At the end of 2020, I asked if we'd seen the best year for females in indie music yet with album releases from Soccer Mommy, Phoebe Bridgers, Dream Wife, Georgia, beabadoobee and Another Sky, again, being amongst my favourites of that year. Call it a naive opinion, but it really didn't feel like there was the same volume of female-fronted indie bands and artists two decade ago or, at least, they weren't being granted the same exposure. Are females in the indie world still in the minority? Well, of course, but it feels like the tide has turned.

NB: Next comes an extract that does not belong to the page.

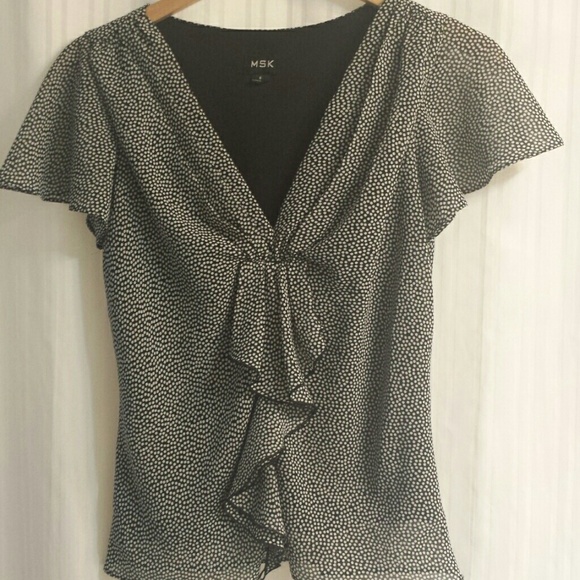 Black and white polka dot work blouse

Despite my more positive outlook, it's clear there's still an issue with festival representation, especially with the growing number of brilliant female artists being ignored at such events. Last year, a Guardian analysis of 31 festivals found women were still vastly underrepresented in British festival lineups. I decided to do a little research of my own to see if this year was any better and thankfully found two festivals that revealed a little more progress.
As TRNSMT is the biggest festival closest to where I stay in Glasgow, I decided to count the artists on the 2022 lineup over the main two stages. The results saw 14 of the 40 announced artists featuring female artists or female-led bands (35%). This may sound low at first, but when compared to the numbers at T in the Park two decades earlier (the predecessor to TRNSMT) it at least revealed some progress. Of the 34 artists playing in 2002, only four featured female members. This is around 12% of performers, so while 35% may not be considered high, it still marks movement in the right direction.

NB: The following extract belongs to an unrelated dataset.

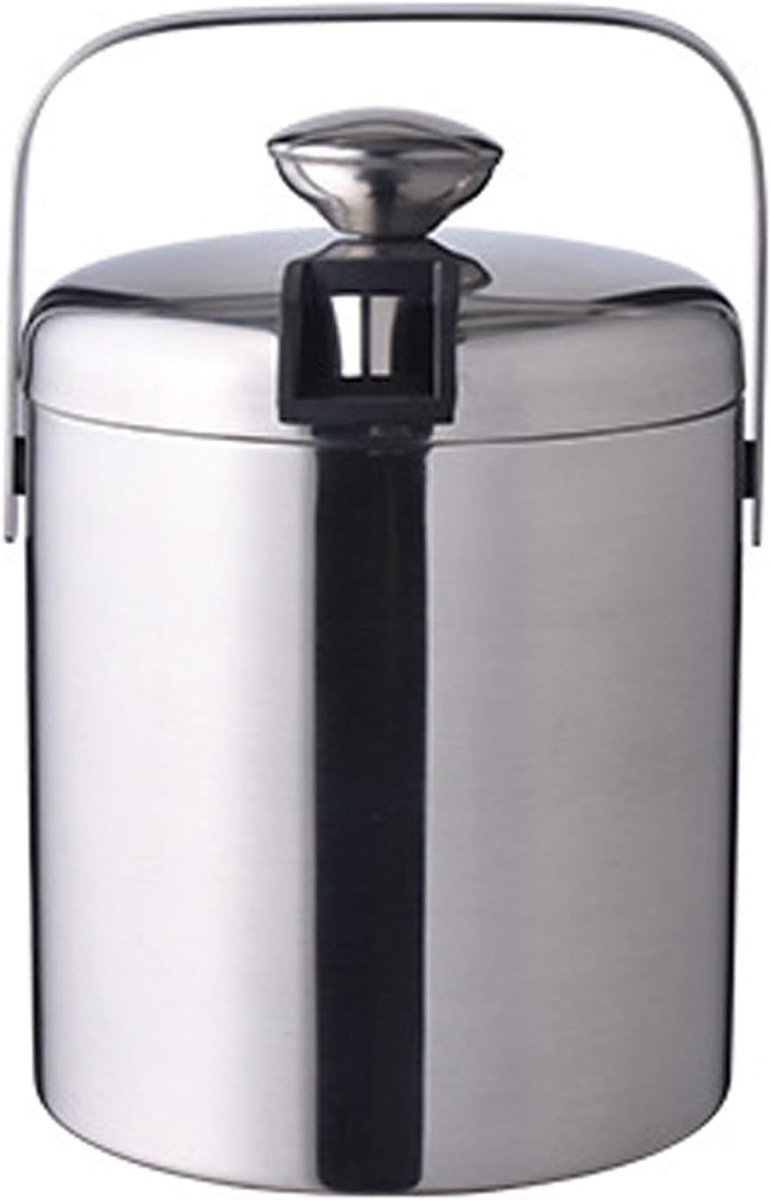 ijsblokjesset van roestvrij staal 304, dubbellaags, 1,3 l (emmer + deksel + filter + clip)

Trying to find a solution to the last point is difficult. Is a 50-50 split in male/female artists the way forward, or does this effectively guarantee a box-ticking exercise and open it up to criticism? Still, it's something festival organisers should be aware of to ensure sizeable female representation. The Glastonbury lineup for 2022 has to be congratulated too, with an extremely healthy spread of female artists and female-fronted bands including headliner Billie Eilish and bands like Self Esteem, First Aid Kit, Dry Cleaning, Wet Leg and Amyl & the Sniffers.

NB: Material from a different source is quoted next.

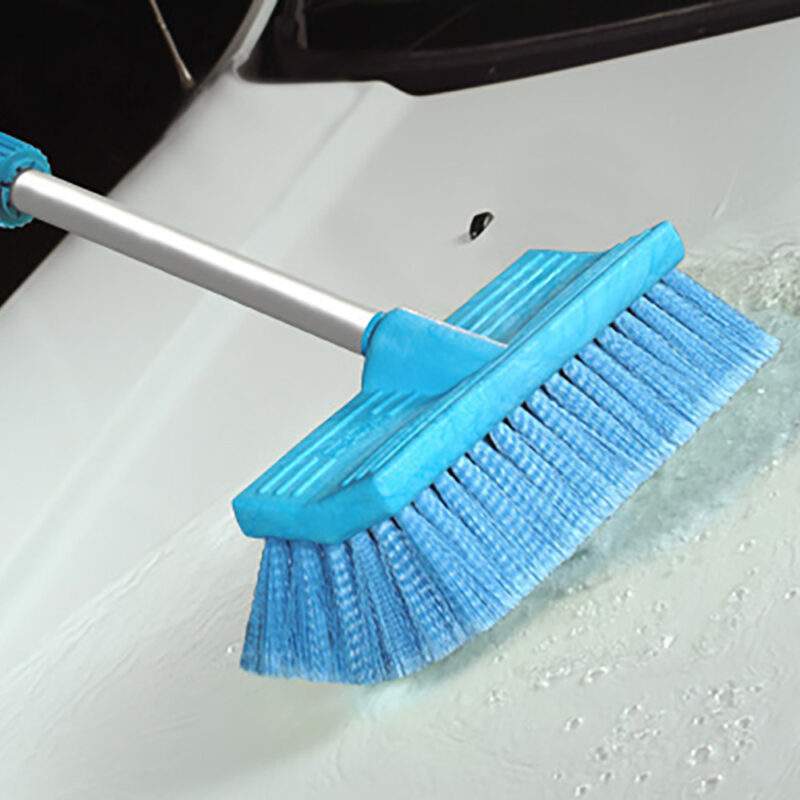 Closeup of soft bi-level flow-thru brush cleaning a car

This is close to half - around 40 of the 90, or 44% - of the announced artists to date. A quick glance at the same festival two decades before reveals only a small handful of female artists - you'd be lucky if it was 10%. So while equal representation hasn't been achieved, both Glastonbury and TRNSMT reveal two of the UK's biggest festivals are getting ever so closer to achieving that. Whether that's on purpose or simply reflective of the growing numbers of female bands coming through remains to be seen, but its definitely encouraging.
Female artists and female-fronted bands may still be in the minority within the indie rock world, but that it's now a sizeable minority than a tokenistic one speaks volumes for the progress made over the past three decades. What's clear is that female bands are gaining exposure and producing some of the best music out there. Karen O may have felt isolated and alone in 2003 upon her band's breakthrough, so lets hope the culture can continue to progress and create a more comfortable environment for female artists and female-fronted bands to thrive.